Он стал композитором и вроде был вполне обласкан судьбой: имел звание народного артиста России, стал профессором Московской консерватории, лауреатом различных премий, секретарем Союза композиторов РСФСР. Но при этом он не был популярен и широко известен — может быть, потому, что писал только серьезную музы icy (никогда никаких шлягеров или поп-песенок!), не был модерновым композитором, оставаясь приверженцем классики, а она казалась многим современникам уже не слишком интересной и востребованной.
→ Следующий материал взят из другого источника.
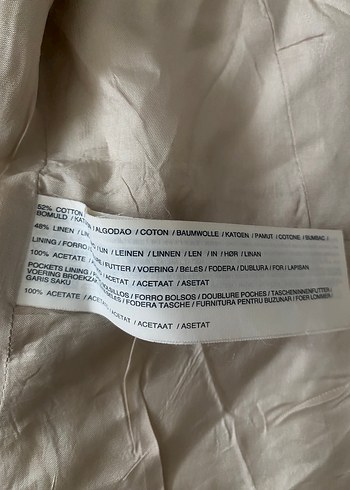 MANGO Düğmeli Beyaz Keten Kadın Blazer Ceket - Görsel 8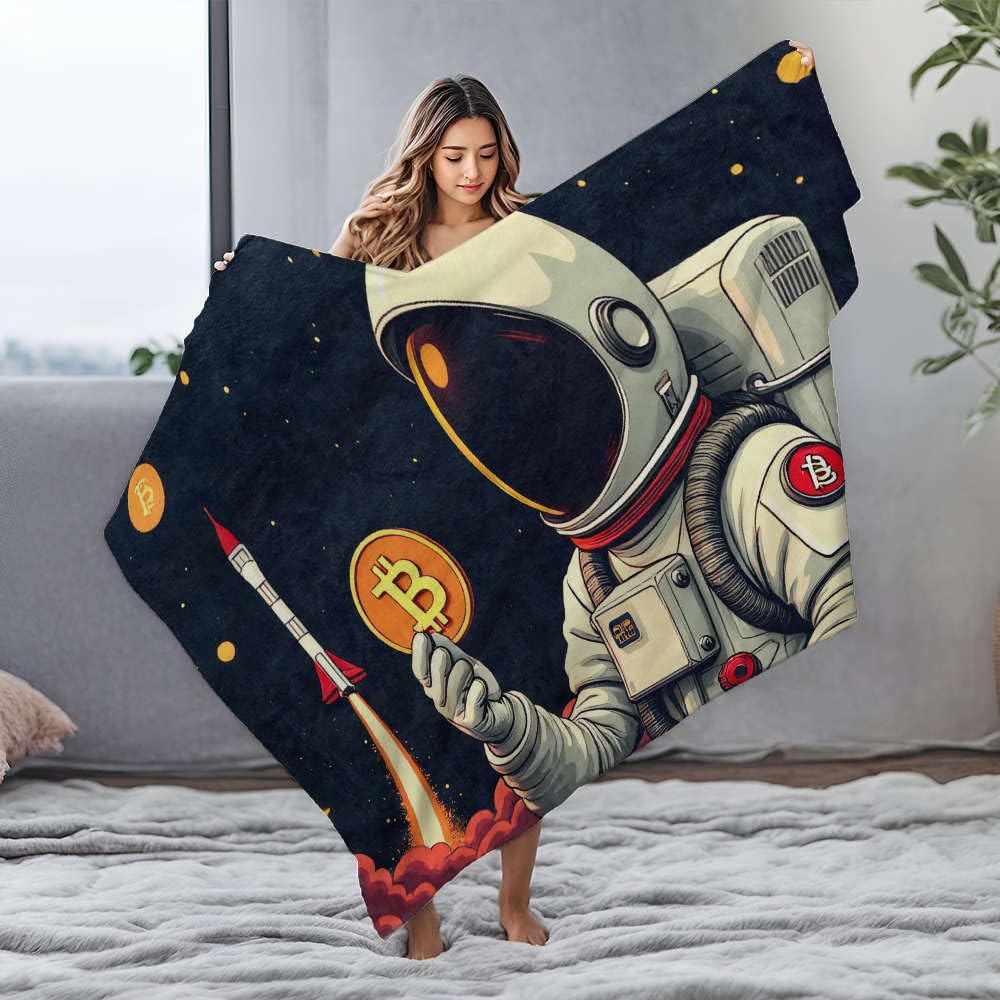 Couverture en flanelle Bluey plaid astronaute fusée et jeton Bitcoin pour lit doudou enfant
Алеша создавал музыку для спектаклей Театра Петра Фоменко, который его очень любил и ценил. Музыка моего друга звучит во многих фильмах. Им написано восемь опер, среди них «Пир во время чумы» и «Граф Нулин» по А. С. Пушкину, «Мыслитель» по А. П. Чехову, «Последние дни» по М. А. Булгакову, множество вокальных циклов, в том числе на стихи М. Цветаевой, И. Бунина, Б. Баратынского, П. Вяземского, Ф. Тютчева, Н. Заболоцкого, А. Твардовского. Музыкальные способности сочетались в Алексее с необыкновенным благородством и блестящим ироничным умом. Я всегда преклонялся перед его разносторонней одаренностью.
Эта одаренность проявлялась даже в наших играх. Вот играли мы, например, в слова: из букв длинного слова составляли новые слова. Алеша придумывал больше всех и выигрывал. Когда мы вместе готовились к экзаменам, он, как правило, получал пятерки, а я порой даже и тройки. То ли память его была лучше, то ли он умел лучше сосредоточиться и лучше ответить — не знаю.
Сочинения он писал максимально просто, кристально чисто, ясным, хорошим языком, очень грамотно, за что и получал свои заслуженные пятерки. Мне же было неинтересно просто писать, я все время пытался что-нибудь эдакое придумать: какое-нибудь неожиданное начало, что-нибудь оригинальное в конце. Алеша, когда читал мои опусы, ворчал: «Ага, опять начинаются эти штучки», — но делал это без пренебрежения, потому что ценил меня гораздо более, чем я того стоил.
Иногда же мы писали вместе, и эти наши общие сочинения получались очень хороши! Помню, как мы вместе с ним однажды написали большую домашнюю работу о Шекспире. Тогда я настоял, что надо начать «как-то интересно». И мы начали с описания того, что видел в XVI веке вокруг себя путник, который попадал впервые в Лондон. Как будто мы были современниками и этого путника, и Шекспира, и его знаменитого театра «Глобус»! Лихо?